Towards a unification of strengths

Yesterday's item about FreeBSD drew a number of responses pointing out that the FreeBSD ports collection, and associated package tools, are comprehensive and convenient. To clarify: I was unable to use these because I'm operating in user space on this particular box, not as root. In that case, as pkg_add says, "You're on your own!"

catdog As sometimes happens in these rambling blog entries, I found my real point at the end. That Linux makes user-space installation of software easier for people on hosted boxes, as compared to FreeBSD or alternatives, is interesting if you're using a hosted box. What really intrigues me, though, is the odd Windows/Unix culture clash we have here, and it runs in both directions.

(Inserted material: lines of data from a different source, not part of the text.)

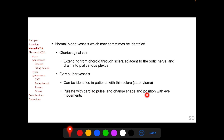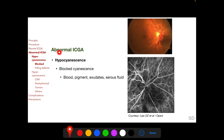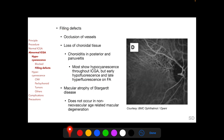Extra-bulbar vessels can be distinguished from choroidal vessels because they pulsate with the cardiac pulse and change shape and position with eye movements. Abnormal ICGA can be hypocyanescent or hypercyanescent. Hypocyanescence can be due to blocked cyanescence from overlying blood, as seen here in this angiogram corresponding to subretinal hemorrhage, or from pigments, exudates, and serous fluid. This is in contrast to blocked fluorescence in fluorescein angiography, where blockage of underlying fluorescence is more complete, because near-infrared wavelengths used in ICGA penetrate blood and other structures more efficiently.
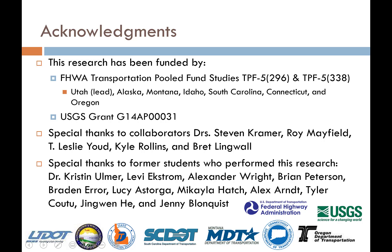Tyler Coutu is employed by Kiewit in their Omaha design office. Jingwen He is a PhD student with Ellen Rathje at University of Texas, about in her third year. And Jenny Blonquist works for Kleinfelder in Salt Lake City but recently accepted a PhD opportunity with Dr. Brady Cox at Utah State. I'm proud of these students—they're all over the country taking this knowledge to professionals and doing great things.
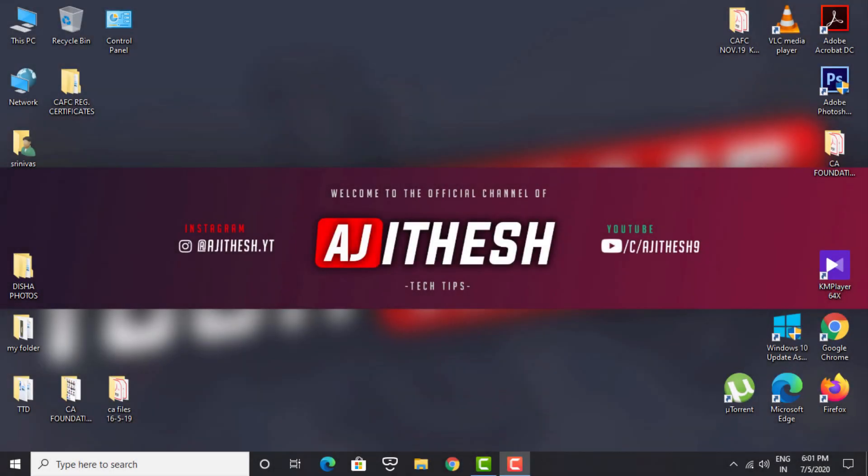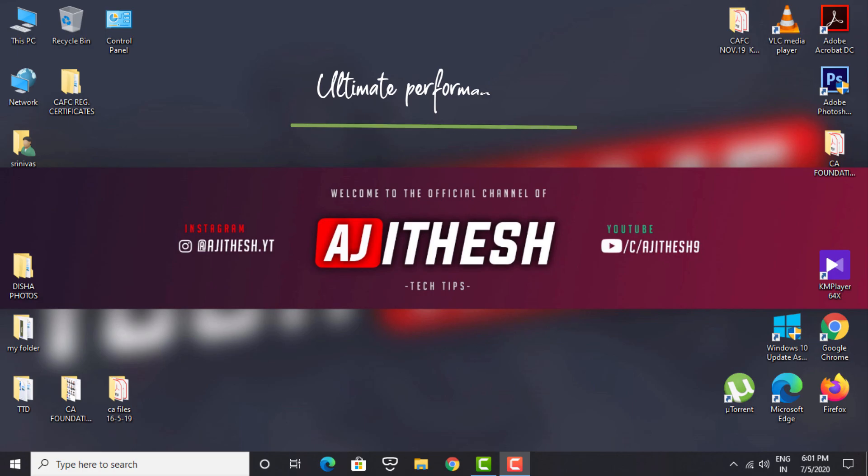Hi, hello friends, my name is Ajitesh and welcome to my YouTube channel. In today's video let us see how to enable ultimate performance power plan which improves the speed on your system.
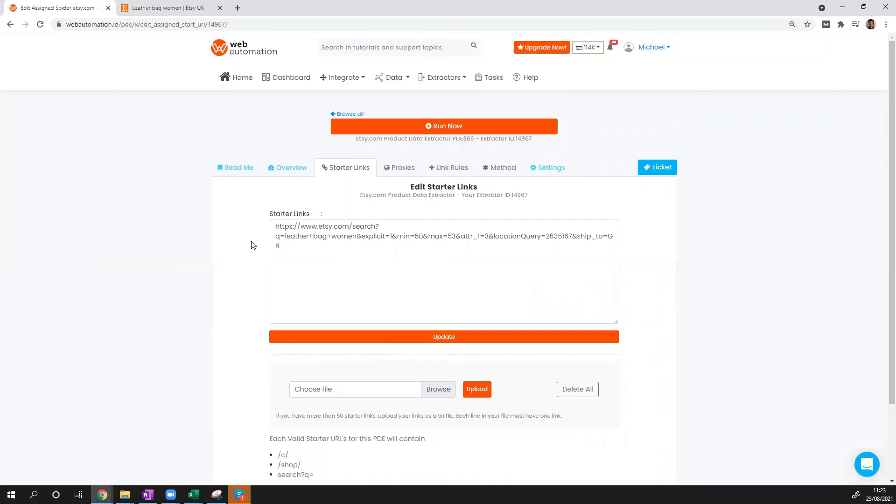Then you need to replace the Starter Links. You can replace it with a search or if you just wanted to scrape a particular shop, you can include the URL from the particular Etsy shop with your filters, update, run, and you get that data pretty quickly and easily using Web Automation's tool.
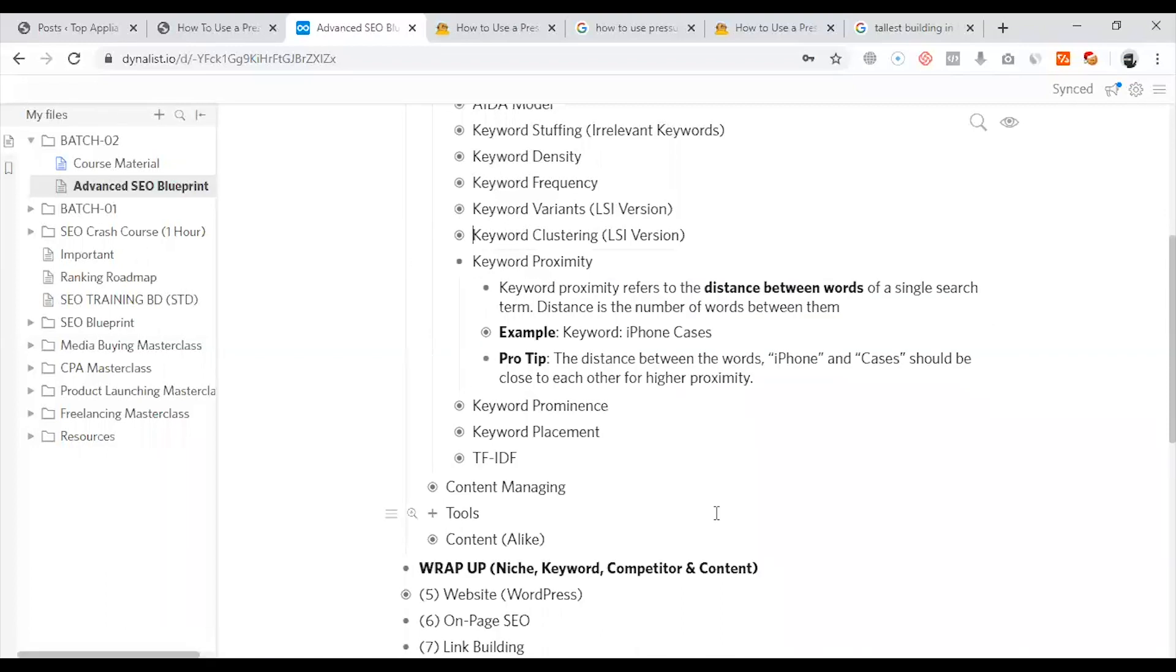Keyword Proximity is a keyword which refers to the distance between words in content, and this is important in Google.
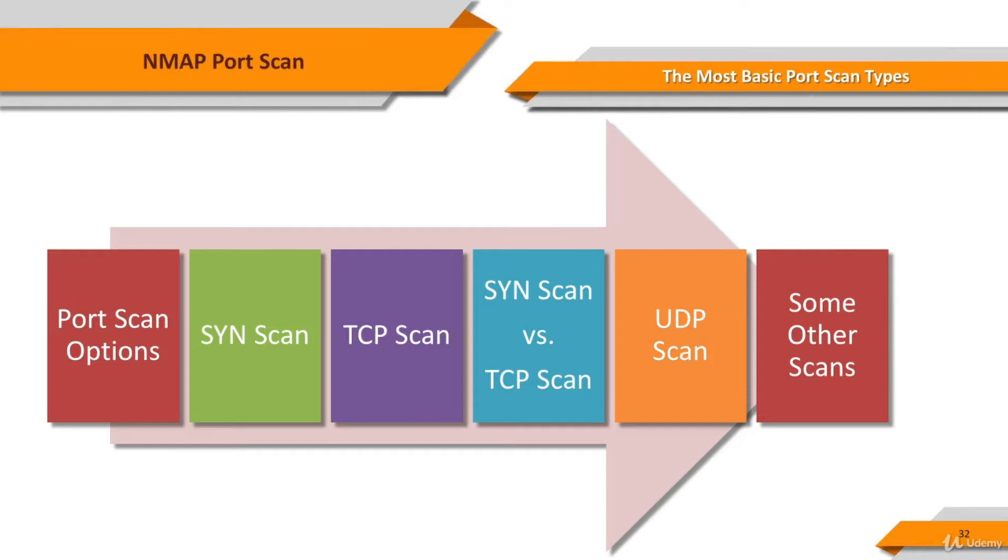In what I would call the most basic port scan types lectures, we see the following Nmap options of port scanning: SYN scan, TCP scan, comparison between the SYN scan and TCP scan, UDP scan, and some other types of port scans.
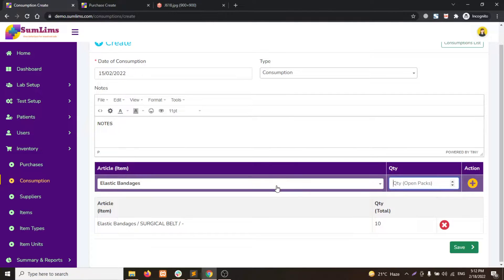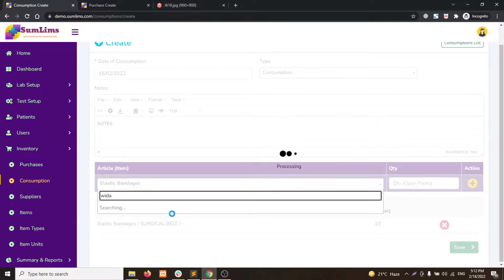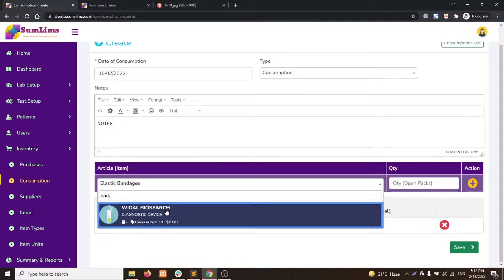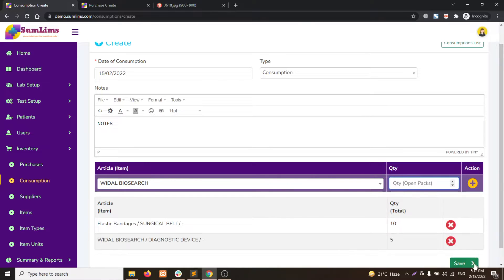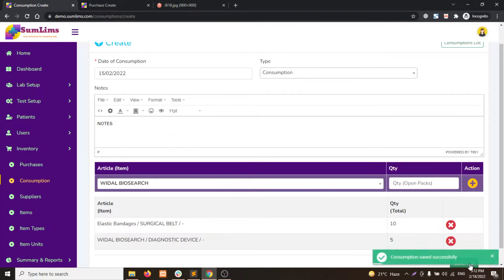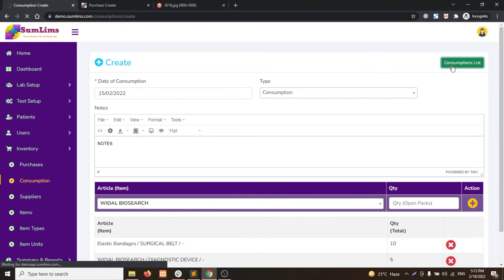For example, we have a new product consumed. We write down the quantity 5, click on add to table, and click on save. So this way you can create the consumption or wastage of anything.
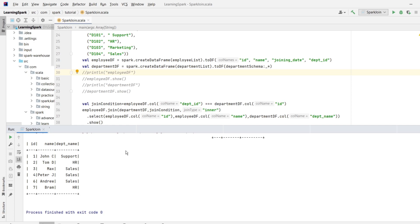So in today's video, we have learnt how to perform a join on two data frames. We have also seen how to select specific columns from the join output. So friends, we are done with today's video. If you have any question, let me know in the comment section. Do hit the like button and subscribe for more such videos. Thank you.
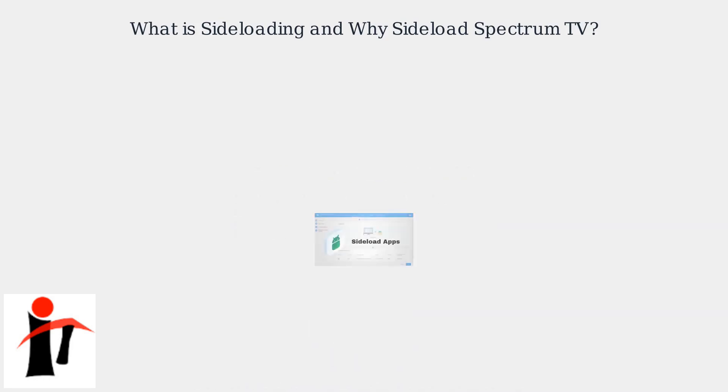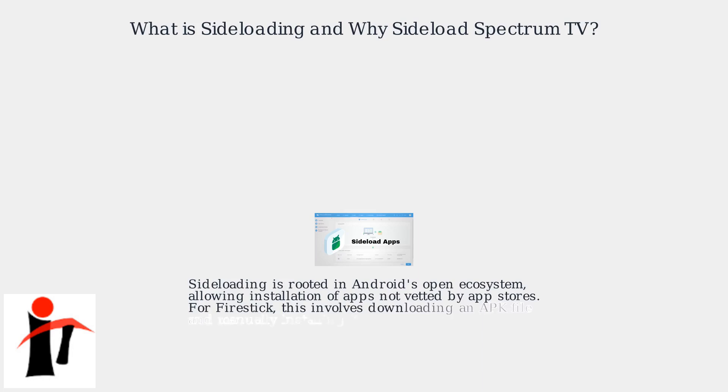Sideloading is rooted in Android's open ecosystem, allowing installation of apps not vetted by app stores. For Fire Stick, this involves downloading an APK file and manually installing it.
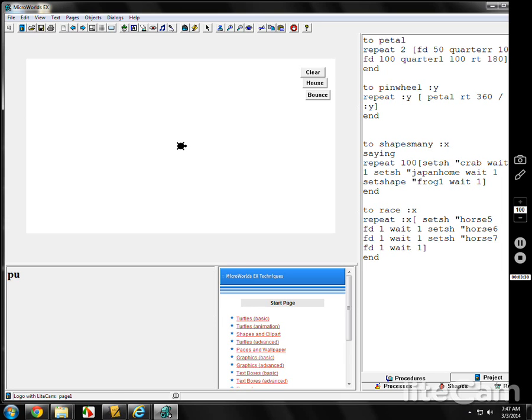It'll do this many, many times. It'll take the turtle, change it into a horse 5. Go forward a little bit. Wait a little bit. Change it into horse 6. Forward a little bit. Wait a little bit. Horse 7. Forward a little bit. Wait a little bit.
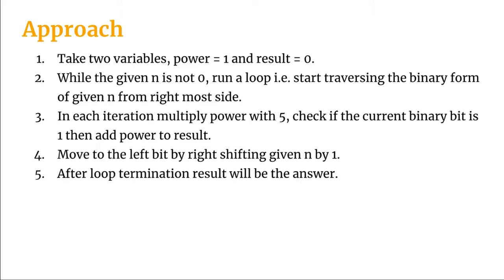We will start traversing the binary form of the given number from the rightmost side. In each iteration we will multiply the power with 5 and we will check if the current binary bit is 1. If that is the case then we will add the power to the result.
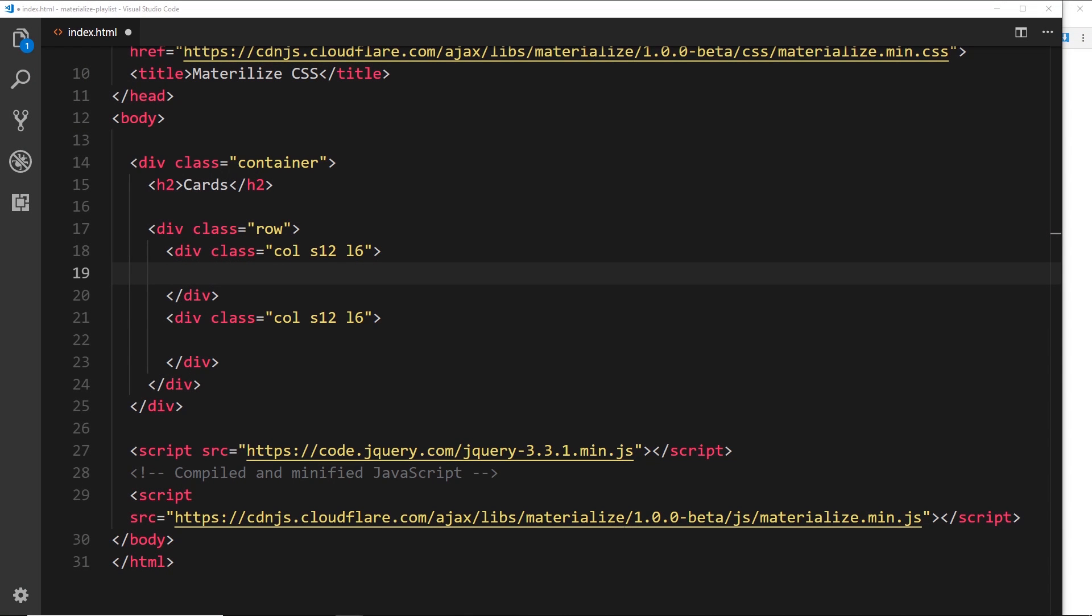All right then, I want to talk about one of the other layout components that Materialize ships with, and that is cards. Now if you've used Bootstrap before, you're probably familiar with the concept of cards, but if you're not then basically it's just a way to segment little bits of content into little bite-sized chunks, and we'll see exactly what that means in a minute.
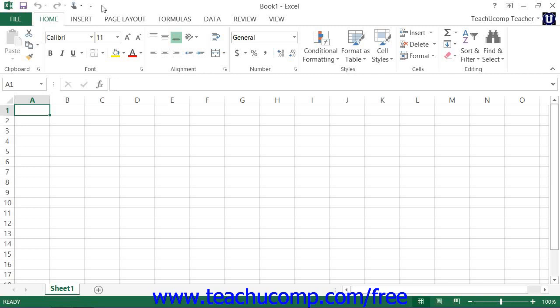When you enter touch mode within the Excel 2013 interface, the ribbon and quick access toolbar are enlarged and extra space is added around the buttons and commands so that you can more easily access them on your touch-based tablet.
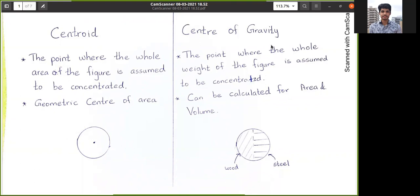Most of the time, centroid and center of gravity will be at the same point. Be careful: when talking about centroid, we can only calculate it in a plane or an area, not in a volume. However, when calculating center of gravity, we can calculate it for both area and volume. According to the definition, centroid refers to a plane where the whole area of the figure is assumed to be concentrated — that's the main point.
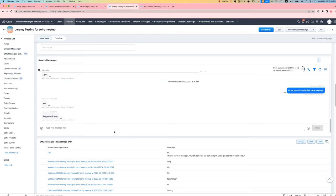We can reset expectations by doing an auto-response if a message is received outside our business's working hours. Let's have a look at how it works.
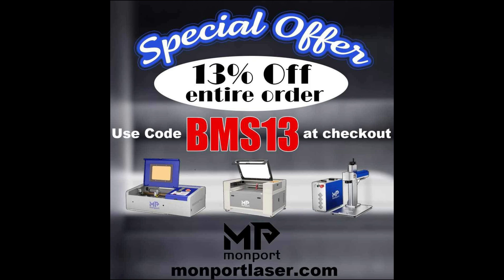As always, we appreciate you guys watching. You can get 13% off your entire order at monportlaser.com by using the code BMS13 at checkout. Thanks for watching. If you have any comments or questions, throw them down in the comments section and we'll get to them. We love answering them and helping you guys out. Thanks for watching.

It becomes clearer to me every day that running XML transformations in series is the modern incarnation of the venerable Unix pipeline, a philosophy that's baked into the platform. But although you're never in doubt of finding ls or awk on a box, xslt isn't there by default, and getting hold of it is a crapshoot.

Meanwhile, over on Windows, the xslt component is standard, but the pipeline philosophy is not well supported. For example, you have to hunt around to find msxsl.exe, the command-line wrapper for the XSLT engine. I get tremendous mileage out of it, but I'll bet I'm part of a small minority who do.

Allie Rogers is CTO of Triple Point Technology; I interviewed him for a recent J2EE story. He writes:

Hear hear! I go through this all the time and loath it.

However, while I agree with your "it's already in the box" plea for Windows, that platform has its own share of similar frustrations, including the lack of a proper shell in which to script, hack, run daemons, etc. Everytime I'm forced to do something like your project, Windows is convenient, but also unsatisfying for a different set of reasons. My dream is that Mac OS X eventually gets it all just right.

That'd be sweet. After all these years, the Unix and Windows cultures are still profoundly unaware of one another's strengths. Maybe an outside perspective can finally unify those strengths.